We’re not US colony, Raila says, insisting on swearing-in


We’re not US colony, Raila says, insisting on swearing-inOpposition leader Raila Odinga has vowed to form a rival government when he is sworn in on January 30 even if it is based outside the country. Below is the Nasa leader’s interview with Voice of America.

VOA: A lot of people are talking about it. That Raila Odinga and Kalonzo Musyoka want to be sworn into office. Is the swearing-in ceremony on?

RAILA: First, you need to understand why we want to be sworn in. We do not recognise the October 26 presidential poll. And that is why we are going to the August 8 election and we will provide evidence soon that we won.

It is our basis for taking the oath on January 30. This is not a joke. On January 30, we will be sworn into office using the August 8 results.

 VOA: Some people are saying you may be sworn into office, alright, but what next? Where will you rule Kenya from because State House already has a tenant?

 RAILA: Being sworn in is to legitimise the genuine results. An illegitimate government is in power. The true government, the one Kenyans voted for, is outside. We will work just like any other government. We will form a cabinet.

We can even be a government in exile — one that runs from outside the country. It has happened in other countries. But what we say is that Kenyans will no longer be party to a rule by an illegitimate government, one that was not voted for by the majority.

 VOA: The punishment for treason is death, as explained by Attorney-General Githu Muigai. Don’t you feel you will be going against the Constitution you fought for?

 RAILA: I told Prof Muigai to go and tell that to the birds! Sovereignty is vested in the people, and can be exercised directly or through elected representatives. Kenyans have taken back their sovereignty because we have a situation of an illegal government.

And on January 30, we have invited Kenyans to my swearing-in, and we will continue with that power given by the people.

 VOA: There has been talk of problem in the National Super Alliance. You have had talks. Is it true? Some lawmakers have complained that the Orange Democratic Movement bulldozed other parties in the coalition and went against a deal on sharing Parliamentary positions.

 RAILA: There are no disagreements. Not a single one. Some people might be a little angry that I did not get that or that. That is normal in a family of many siblings.

But that does not mean we are breaking apart. Few people who missed out on the slots in Parliament may want to create small problems. Our enemies think that signals the end. Let them know that such a thing will not happen.
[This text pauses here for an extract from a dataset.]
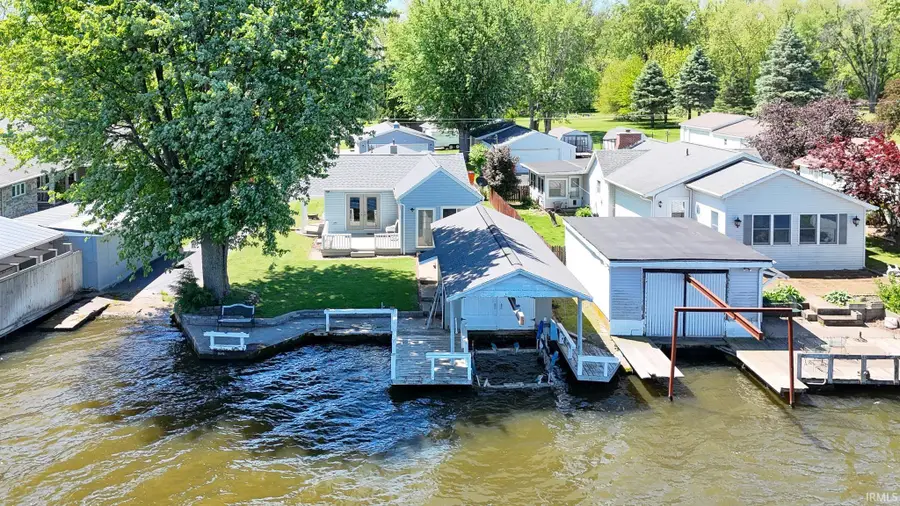 808 Terrace Bay Court, Monticello, IN 47960 - #2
 VOA: Western diplomats have been pushing for talks between you and President Uhuru Kenyatta. Are there signs that such talks will go on?

RAILA: We are happy to have friends work with us but the fire needs to be extinguished by Kenyans themselves. It will be put out after Kenyans realise there is fire, that we have a problem and that we need a solution. Those friends of ours will come after we have helped ourselves.

Nasa has come up with a five-point agenda. We are waiting for Jubilee to put to the table its agenda. If Jubilee does not, we will not force them. We will go on with our plans, and they can go on with theirs, and then we will see where we meet.

 VOA: The US has warned against the use of unconstitutional means to ascend to power. What do you say?

 RAILA: They are our friends. They can advise us but they cannot force us. Kenya is not a colony of America. We are a free country. We will do as we want. It is not Nasa that has breached the Constitution. It is Jubilee that has created an illegitimate government.